A Brief History of Buckingham Palace
Buckingham Palace is actually located in the City of Westminster and it is the official London residence and administrative offices of the current British monarch. Originally known as Buckingham House, a large townhouse was built on the site for the first Duke of Buckingham in 1705. In 1761, King George III acquired it as a private retreat for Queen Charlotte and during that time it was known as the Queen’s House. In 1820, King George IV, quickly decided that Buckingham House, as it was now known as, would be the perfect location for his new London home. John Nash, the famous architect, was chosen to design and he built two new wing additions to the building which was now being referred to as Buckingham Palace. The renovations were still far from completion when George IV died and his brother became King William IV. The new king had no interest in moving from Clarence House into the unfinished palace. Nash was fired due to his massive overspending and Edward Blore was brought in as the new architect to complete the project. Finally in 1837, on the accession of Queen Victoria to the British throne, she moved from Kensington Palace into Buckingham Palace and it became the official royal palace of the British monarch since that time.

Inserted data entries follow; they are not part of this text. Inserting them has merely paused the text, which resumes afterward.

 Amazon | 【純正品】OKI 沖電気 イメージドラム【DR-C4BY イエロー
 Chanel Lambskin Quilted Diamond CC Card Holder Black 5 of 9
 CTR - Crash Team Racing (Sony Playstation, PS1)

After the marriage of Queen Victoria to Prince Albert and with the birth of their nine children, Buckingham Palace went through further expansion to accommodate the large British Royal family. Blore was brought in again as the architect to design the fourth wing which added the east façade to the front of palace. After the death of her husband, Queen Victoria rarely occupied her London residence and preferred the seclusion of their other homes of Balmoral, Osborne House and Windsor Castle. Upon her death in 1901, King Edward VII moved in and extensively redecorated Buckingham Palace with a classic white and gold theme which still remains in many areas of the palace, such as the Grand Entrance and Staircase and the Grand Ballroom. During this time to honor his mother and the beloved British Monarch, the Victoria Memorial was erected in front of the palace.

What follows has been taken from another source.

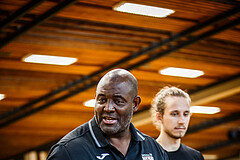 Basketball, Basketball Austria Cup 2021/22, Vorrunde, Mattersburg Rocks, Future Team Steiermark, James WILLIAMS (Headcoach)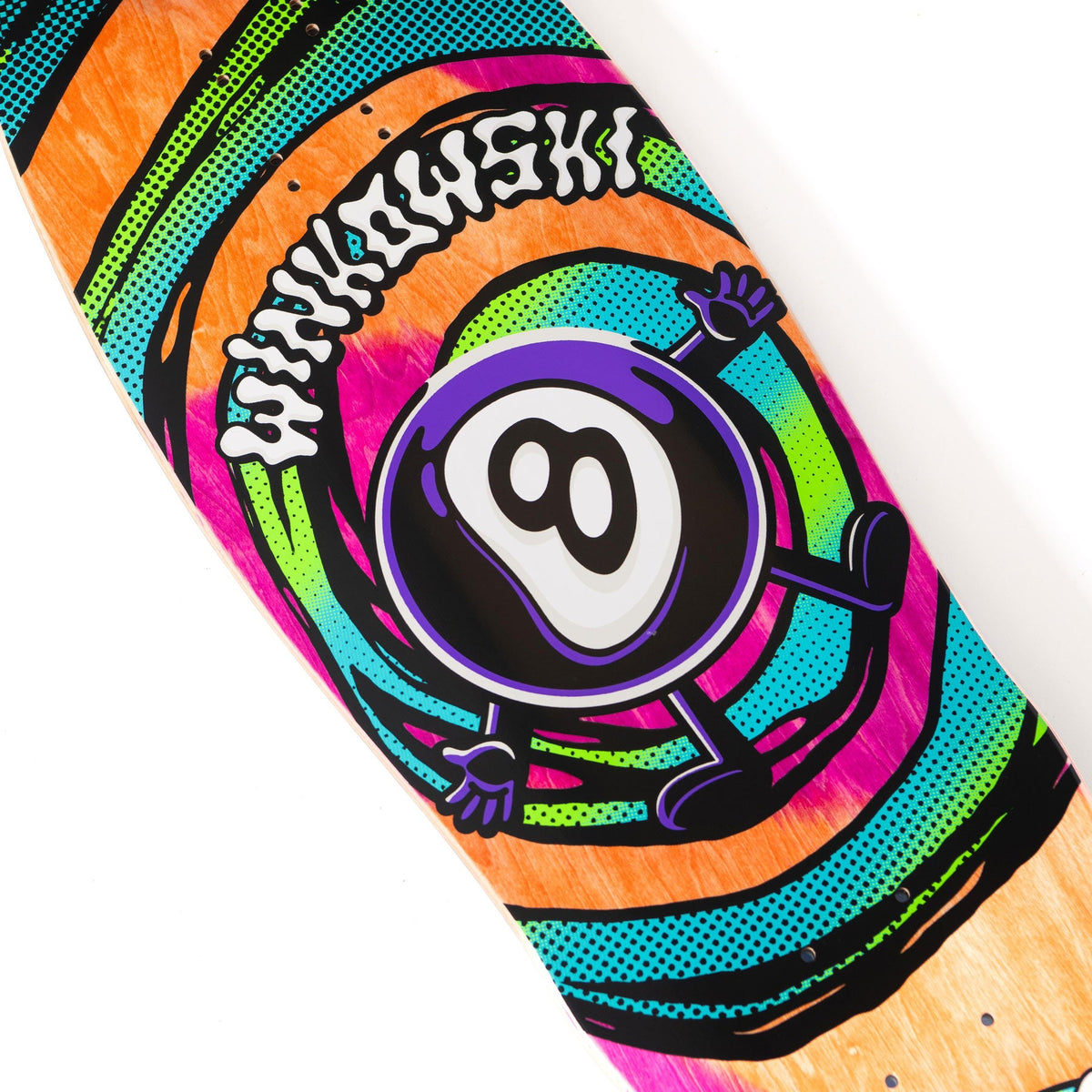 Santa Cruz Skateboard Deck Winkowski Vertigo Medium 9.5" x 30.05"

Until the Second World War, there were very few changes made to Buckingham Palace. Then, during the German bombing of London Queen Victoria’s private chapel At Buckingham Palace received a direct hit and was destroyed. Years after the war ended, the chapel was rebuilt and Queen Elizabeth decided that the space would be used for royal exhibits and this area of the palace was opened to the public. The funding received was used to construct the Queen’s Gallery which now houses art pieces from the Royal Collection. Then in 1993, while the Queen was in Balmoral and not in residence at Buckingham Palace during the summer months, the State Rooms were open for public tours. This was initially done to raise funds for the rebuilding and repair of Windsor Castle which had undergone serious damage after a fire in 1992. Since then Buckingham Palace and several other royal palaces have been opened during specific times of the year and the funds now continue to maintain the Royal Collection, including the buildings, art and other objects of historical importance which are held in trust by the Monarch for Britain.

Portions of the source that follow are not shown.